22 Mar Prison Gerrymandering Is The Modern Day Three-Fifths Compromise
The “three-fifths compromise” is one of the most poignant symbols of racism in the annals of American history. In drafting the Constitution, lawmakers tussled over how they should count slave populations. Slaveholding states argued that slaves should be counted among their population for Electoral College purposes. Others argued that they should not count because slaves could not vote.
Rather than simply extending the right to vote to slaves, Congress came up with an idea. They would just count these human beings as three-fifths of a person. This practice was officially nullified by the passing of the Fourteenth Amendment. That amendment gave freed Black people the full weight of citizenship, including the right to vote. But did the practice actually end? Many critics of prison gerrymandering would argue no.
Prison Gerrymandering Explained
While the Fourteenth Amendment did grant the right to vote to (adult male) Black citizens, it did so with one important exception. People convicted of a crime (and “Indians not taxed”) were explicitly excluded from the amendment’s protections. Because of that exception, the spirit of the three-fifths compromise lives on in the form of prison gerrymandering.
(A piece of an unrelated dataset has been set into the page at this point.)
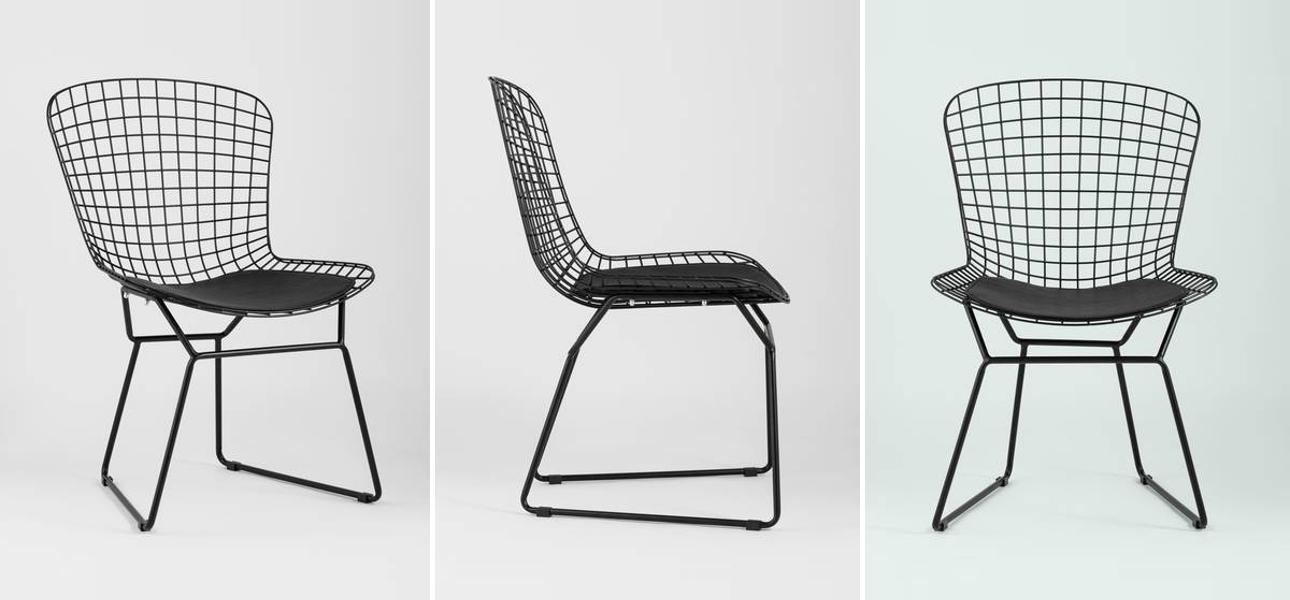 Стул Bertoia Chair Черный Матовый Металл - фото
Prison gerrymandering is the practice of counting a prison population as part of an area’s total population. This count factors into the drawing of voting districts. But those same residents do not have the right to vote. In effect, these people are used to increase the political power of a district but have no say in what is done with that power. Sound familiar?
Once you bring race into the equation, it gets uglier. The racial disparity of people in prison as a result of mass incarceration is, today, all but household knowledge. Black people are incarcerated at nearly five times the rate of their white counterparts. Despite being 13% of the country’s population, Black people make up 40% of the country’s incarcerated population.
Prison gerrymandering overrepresents rural voters.
Prison populations have a major effect on local populations. According to U.S. Census data, a disproportionate number of prisoners reside in sparsely populated rural areas. That means that they often make up a sizeable percentage of the local population. In some places, they are even the majority of residents in a district.
Effectively, this overrepresents residents who do have the right to vote. Since population determines voting districts, that district will have representation in proportion to its residents on paper. But a large number of those residents cannot vote. That means that the voting residents in that district have disproportionate representation. It also means that officials in those districts have the power of larger constituencies while only having the support of a much smaller one.
One crystalline example is in Anamosa, IA, home to Anamosa State Penitentiary. In 2005, Danny Young defeated his opponent in a city council race after receiving only two votes. This, despite the town having a population of around 1,400 people. How did this happen? Only 58 of those people were registered to vote. Nearly 1,300 of them were prisoners.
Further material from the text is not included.